Monday, Mar. 07, 1988

Portrait Of David as a Young Goliath THE YELLOW WIND by David Grossman Translated by Haim Watzman; Farrar, Straus & Giroux; 216 pages; $17.95

By R.Z. Sheppard

The Israeli newsweekly Koteret Rashit last year asked Novelist David Grossman to contribute an article about the nation's 20-year occupation of the West Bank, the territory won from Jordan during the Six-Day War. Grossman spent seven weeks there before writing of the daily lives of the Palestinians and the Jewish settlers, who call the conquered lands Judea and Samaria. His well- turned personal reportage, which in book form became an Israeli best seller, restated an old controversial question: At what political and moral cost does Israel take under its iron wing the lives of some 1.5 million Palestinians, many of whom are landless and jobless refugees from the war?

By dramatically suggesting that the price is too high for a small beleaguered democracy, Grossman became the new focus of an ongoing wrangle. To hard-liners he was just another yefei-nefesh, or beautiful soul, the Hebrew equivalent of "bleeding heart." For better and for worse, this is true. The Yellow Wind puts a human face on the enemy whom many Israelis would rather not look at. Grossman talks to a member of the outlaw militant Jewish underground in the West Bank town of Ofra, and concludes, "He does not want to think even for a minute about the situation of the Arabs around him, because he is caught up in a struggle with them, at war . . . and were he to allow himself to pity, to identify, he would weaken and endanger himself."

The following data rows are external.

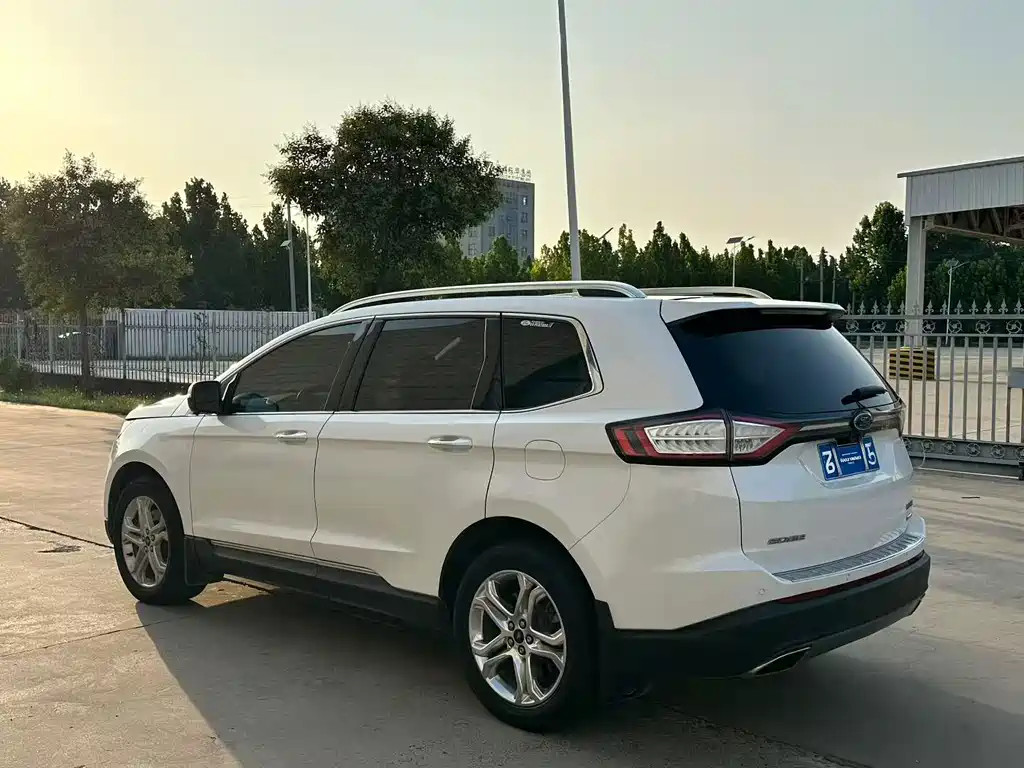 Ford Edge — миниатюра 4
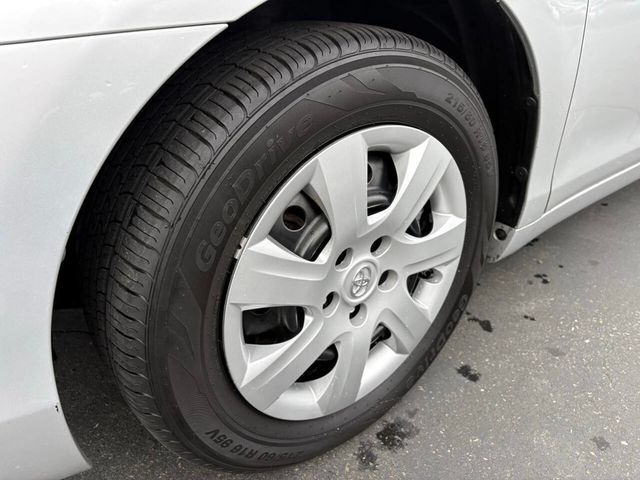 2010 Toyota Camry 4dr Sedan I4 Automatic LE - 22987375 - 10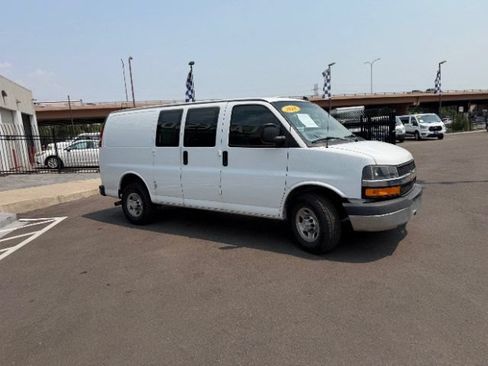 Used 2020 Chevrolet Express 2500 w/ Driver Convenience Package RWD image 17
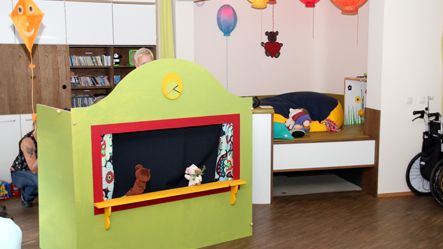 Ein Puppentheater für Bärenherz: Bär Bruno sorgt für Unterhaltung im Kinderhospiz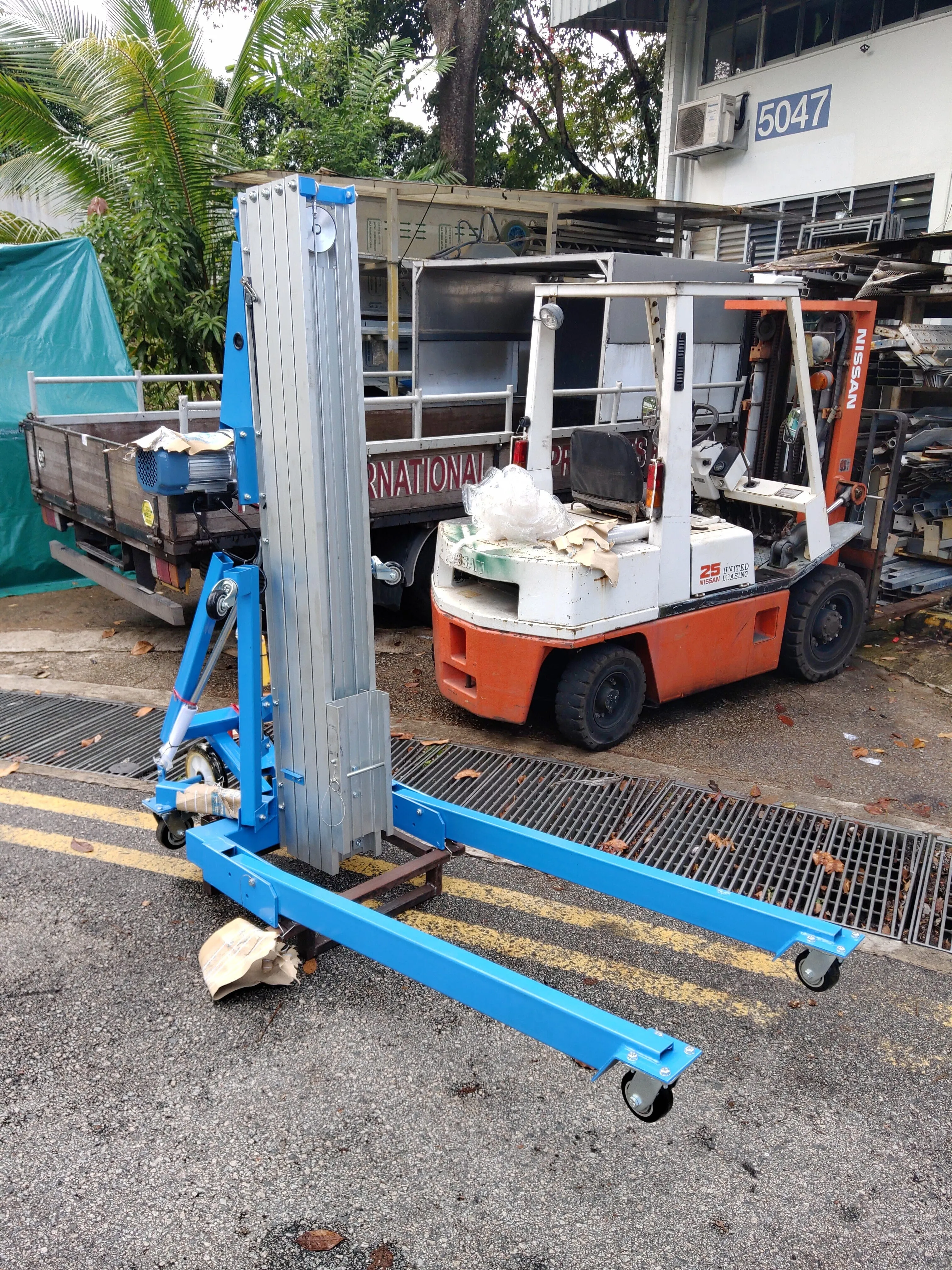 Airstrong Wire Winch High Material Lifter 6M With Electric Winch | Model : PT-LGA20-E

The Jews and Arabs who found their way into Grossman's book no longer worry about who cast the first stone, who knocked out the first eye or the first tooth. The etiology of the conflict has long since been rendered moot by reciprocal violence and the hardening of mutual hatreds. As read in the West Bank, history comes with a curse. A conversation between Grossman and a young Palestinian teacher in the refugee community of Deheisha:

" 'You don't want to leave here for a better place?'

" 'Only for my homeland . . .'

" 'And you don't dream sometimes, only dream, that you might live in a better place?'

" 'Dreams?' She laughs. 'I have a responsibility,' she says, 'to the suffering my parents endured, and to my own suffering.'

" 'And because of responsibility to suffering you won't try to achieve even limited possible happiness?'

" 'I can't. I don't want to.' "

Elsewhere, the Palestinian lawyer and author Raj'a Shehade refines this sullen fatalism as sumud, a word he uses to express his determination to endure and outwait Israel: "Of the two ways open to me as a Palestinian -- to surrender to the occupation and collaborate with it, or to take up arms against it, two possibilities which mean, to my mind, losing one's humanity -- I choose the third way. To remain here. To see how my home becomes my prison, which I do not want to leave, because the jailer will then not allow me to return."

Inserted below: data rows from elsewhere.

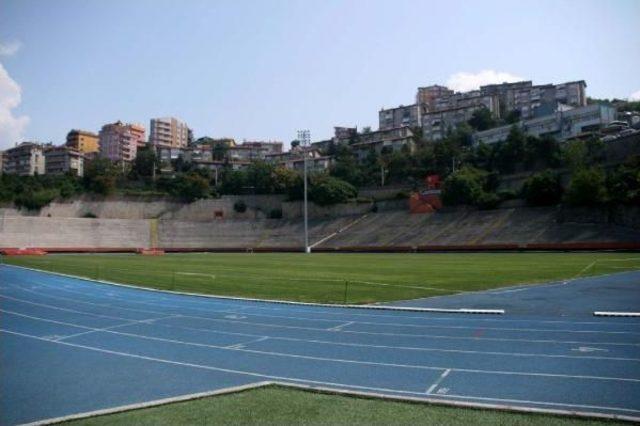 Zonguldak Kömürspor'un Stadında Güvenlik Riski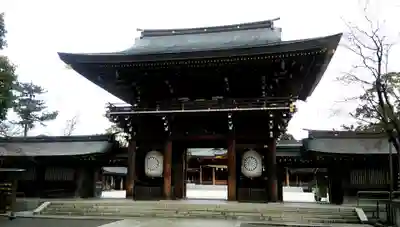 寒川神社の山門・神門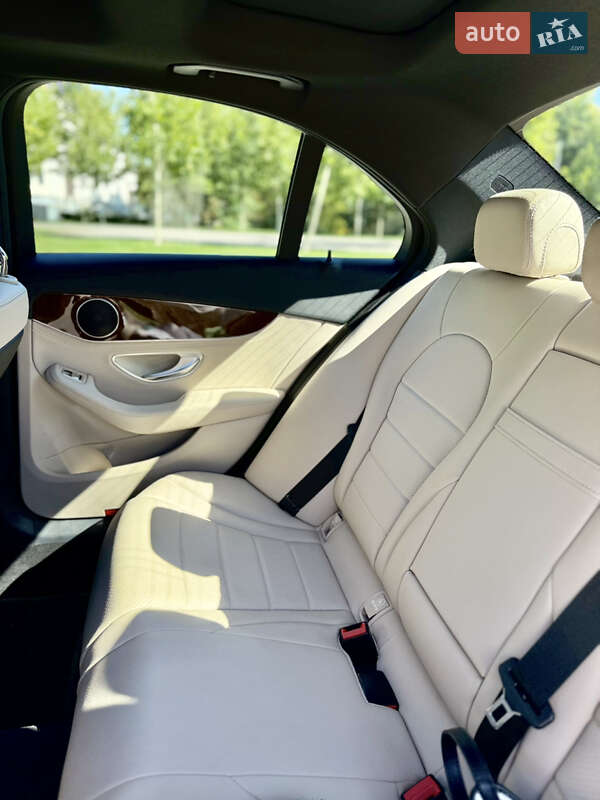 Седан Mercedes-Benz C-Class 2016 в Днепре
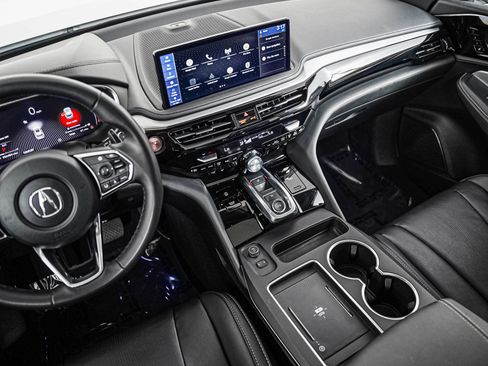 Used 2025 Acura MDX FWD w/ Technology Package image 15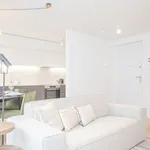 Rent 2 bedroom apartment of 68 m² in Porto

Grossman himself comes to see both sides locked in an "unbreakable prison of circumstance." Yet his understanding of that circumstance is frequently overshadowed by what journalists call the human-interest angle. Because they have been losers in the military struggles between Arab and Jew, Palestinians make good underdogs: the old woman in Deheisha who reminds the author of his exiled Polish grandmother; the impoverished Arabs who constitute a cheap and illegal work force for Jewish businesses. When satellites transmit television pictures of heavily armed Israeli troops attacking rock-throwing teenagers, it % is easy to feel that David has become Goliath. It is easier still to forget that the handiwork of P.L.O. terrorists once shocked viewers even more. Grossman describes the time-consuming and often humiliating security searches conducted on Arabs crossing the Allenby Bridge from Jordan. He sympathizes with a little girl who has her doll confiscated unnecessarily, but conveniently rolls over the fact that without these operations the young Arab demonstrators now on U.S. TV screens would probably be throwing smuggled hand grenades at civilians.

Grossman's selection of West Bank Jewish settlers is an unpleasant lot: intransigent, arrogant and frightening. "I fear life among people who have an obligation to an absolute order," he writes convincingly. "Absolute orders require, in the end, absolute deeds, and I, nebbish, am a partial, relative, imperfect man who prefers to make correctible mistakes rather than attain supernatural achievements."

Good luck. The part of the world that Grossman lives in made its name on supernatural achievements. Zionism was largely a social and political movement led by secular Jews, but its realization 40 years ago in Israel owes much to the strength of an ancient faith. Unfortunately, its enemies are also discovering the power of pious thinking. Spurred by the Iranian example, militant Islam is spreading in the Middle East, where religion and real estate go together like Cain and Abel. It will be no place for a nebbish.